Ci siamo ormai abituati alle eclatanti forzature cinematografiche, che ci mostrano di volta in volta Achille, Enea, Zeus, o Machiavelli neri, forse per compensare i tanti Gesù biondi e con gli occhi azzurri.

È un approccio profondamente sbagliato, perché il tentativo di purificare il passato mortifica consapevolezza e ricerca di senso, impedisce di costruire un mondo migliore, perché lo erige su fondamenta fragili e fasulle.

Uno dei rischi maggiori che viviamo in quest’epoca caratterizzata dalle semplificazioni, è di contrapporre alla chiusura xenofoba e autarchica un fanatismo egualitarista, che ne è il miglior alleato.

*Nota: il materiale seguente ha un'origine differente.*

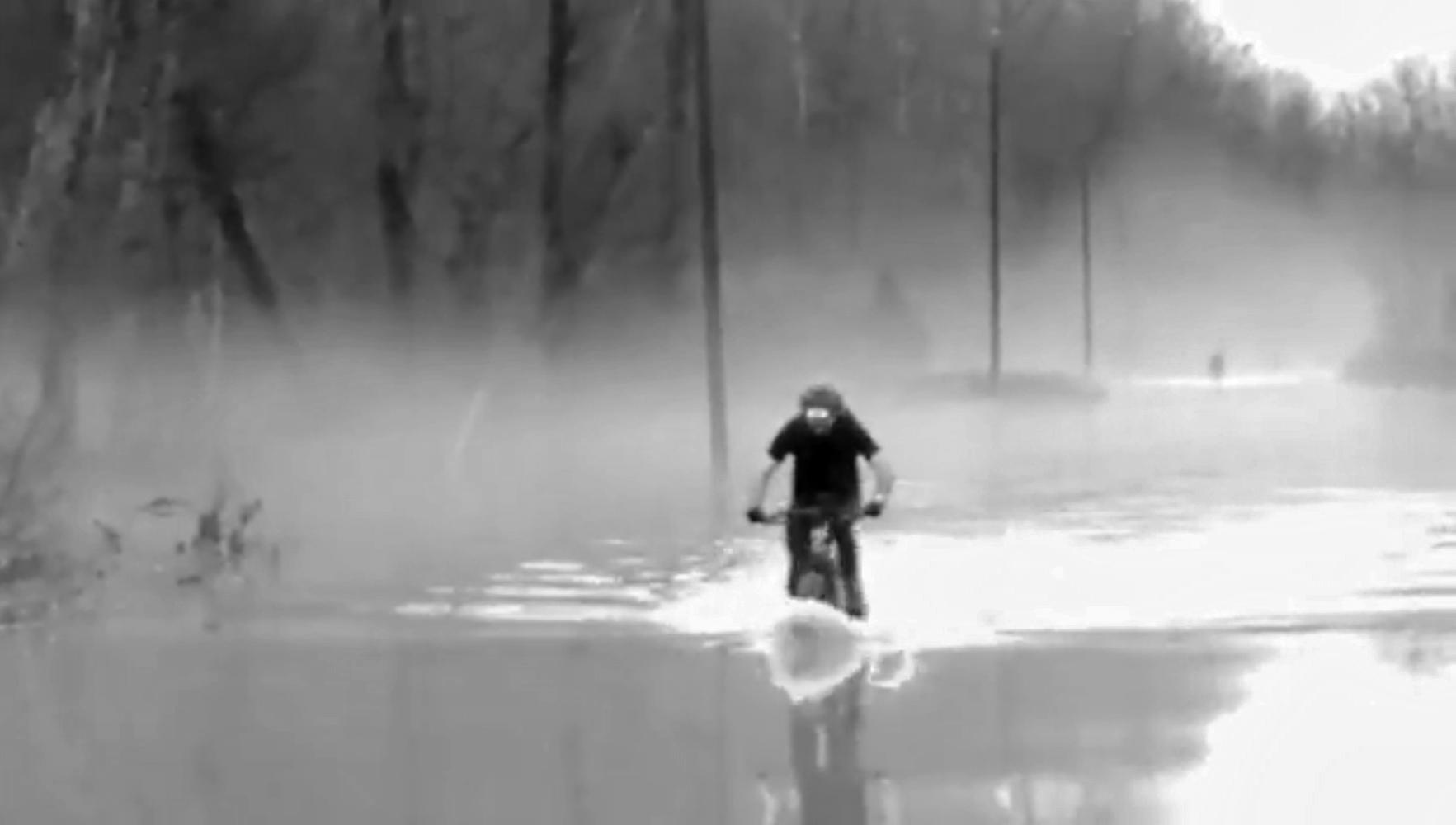 A person riding a bicycle through a flooded area, surrounded by fog and bare trees. The scene is monochrome, emphasizing the misty atmosphere and waterlogged landscape. Hickory Ridge mountain bike trail.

Le matrici filosofiche alla base non sono molto distanti, perché quando il relativismo diventa intollerante, finisce per essere assolutistico.

Entrambe le posizioni negano il riconoscimento della centralità della persona, del dialogo come forma essenziale di ricerca della verità, della ricerca come metodo incessante di costruzione di una società in continuo divenire.

Il Trentino per tanto tempo ha interpretato la propria autonomia come ponte, luogo di incontro tra culture, popoli, religioni. Pensiamo soltanto allo spirito del Concilio.

Oggi assistiamo invece alla continua ricerca di consenso attraverso l’individuazione costante di un nemico: lo straniero delinquente, il dipendente pubblico fannullone, la città contro le valli, il supermercato contro la sacralità della domenica, le case di riposo contro i familiari, l’Europa contro l’Italia, l’Italia contro il Trentino, il Trentino contro tutti.. Ma se contrapponessimo a questa impostazione il dogmatismo di un egualitarismo che nega le diversità e il divenire della vita, finiremmo con alimentarla.

Ecco allora emergere una terza via: invece di copiare il peggio di un manicheismo che sfocia in una politica partigiana, scontro tra interessi particolari e che si nutre della divisione della società, occorre recuperare una visione complessiva, una proposta che guardi alla società tutta.

La storia ci mostra molti esempi virtuosi di civiltà che si sono sviluppate in maniera inclusiva senza cadere in un relativismo che priva di senso, capaci di comprendere le ragioni delle minoranze sconfitte e non annientarle.

La nostra piccola provincia potrebbe candidarsi ad essere un luogo nuovo, che si colloca in maniera aperta nel mondo ma capace di mettere in discussione alcuni dogmi. Per farlo però servirebbe un cambiamento radicale di impostazione, meno slogan e tanta volontà di approfondimento nel merito nei diversi settori, secondo una visione d’insieme.

Soltanto una politica che rinunci ad essere portavoce di una parte, per divenire invece sintesi virtuosa dei tanti interessi particolari, saprà riavviare uno sviluppo autentico della comunità nel suo complesso.